__Assignment__
Transcribe exactly, and without pictures, only the lines from the one bearing "Vill satsa på" through the final line of the data below.

__Exercise data__
::::::
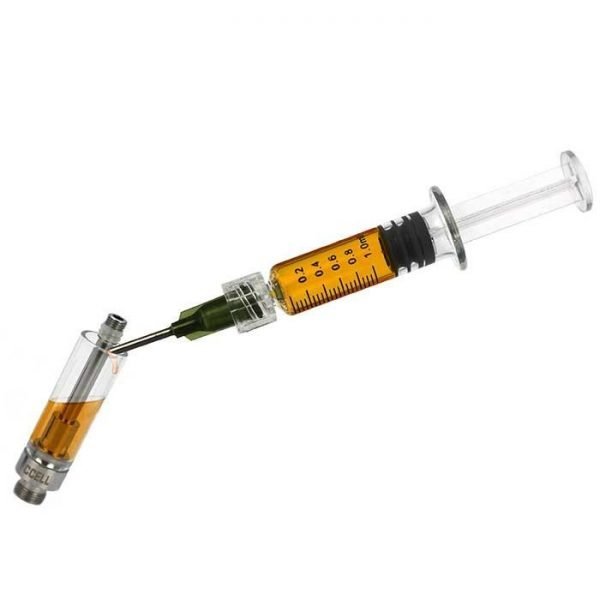 Glass syringe with filling oil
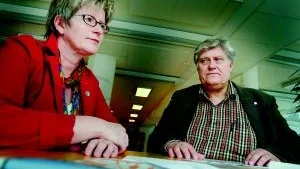 Vill satsa på barnsjukvård. Barn- och ungdomar upp till 20 år ska ha fri sjukvård anser Lena Segerberg (s) och Tomas Markljung (v). Foto: Anders Liljegren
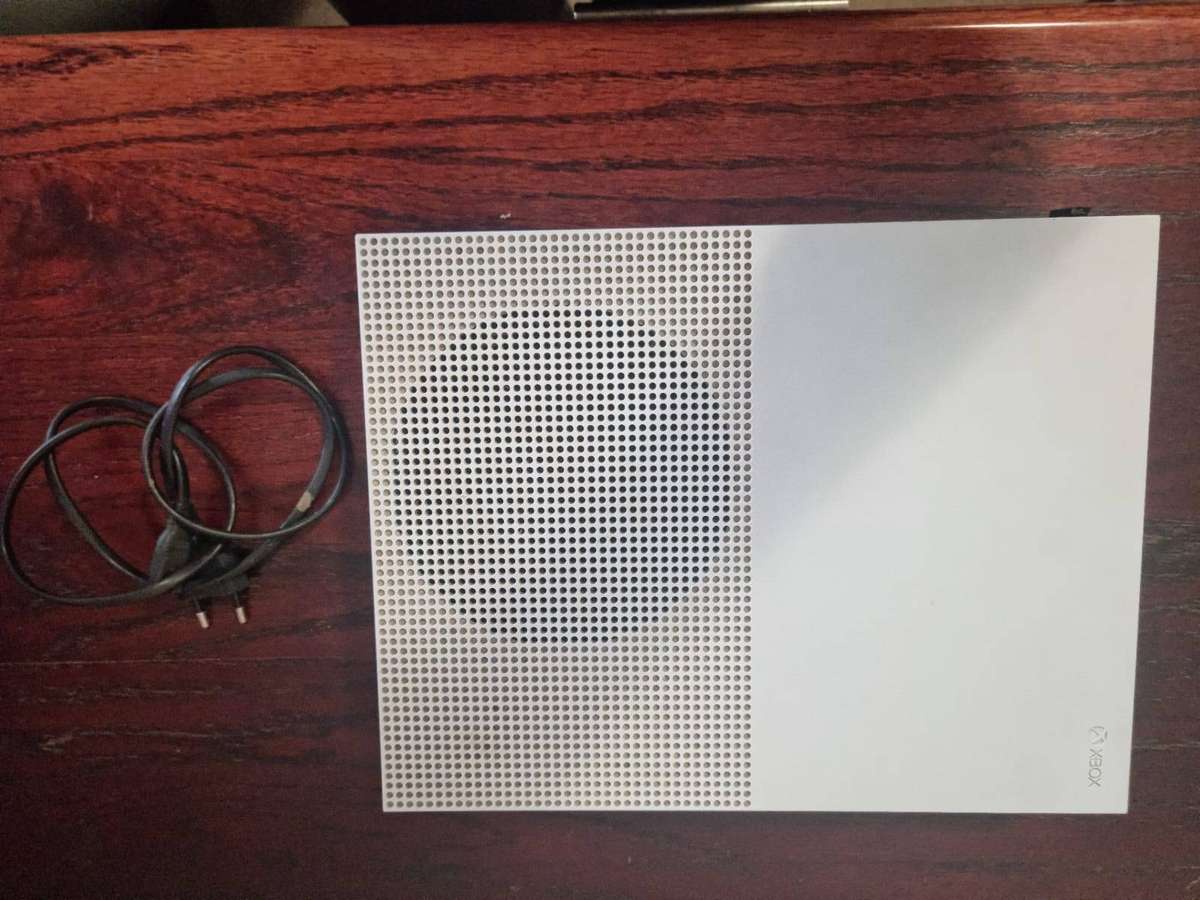 Xbox One S 500gb + 3 controllers + 13 games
::::::
__Response area__
 Vill satsa på barnsjukvård. Barn- och ungdomar upp till 20 år ska ha fri sjukvård anser Lena Segerberg (s) och Tomas Markljung (v). Foto: Anders Liljegren
 Xbox One S 500gb + 3 controllers + 13 games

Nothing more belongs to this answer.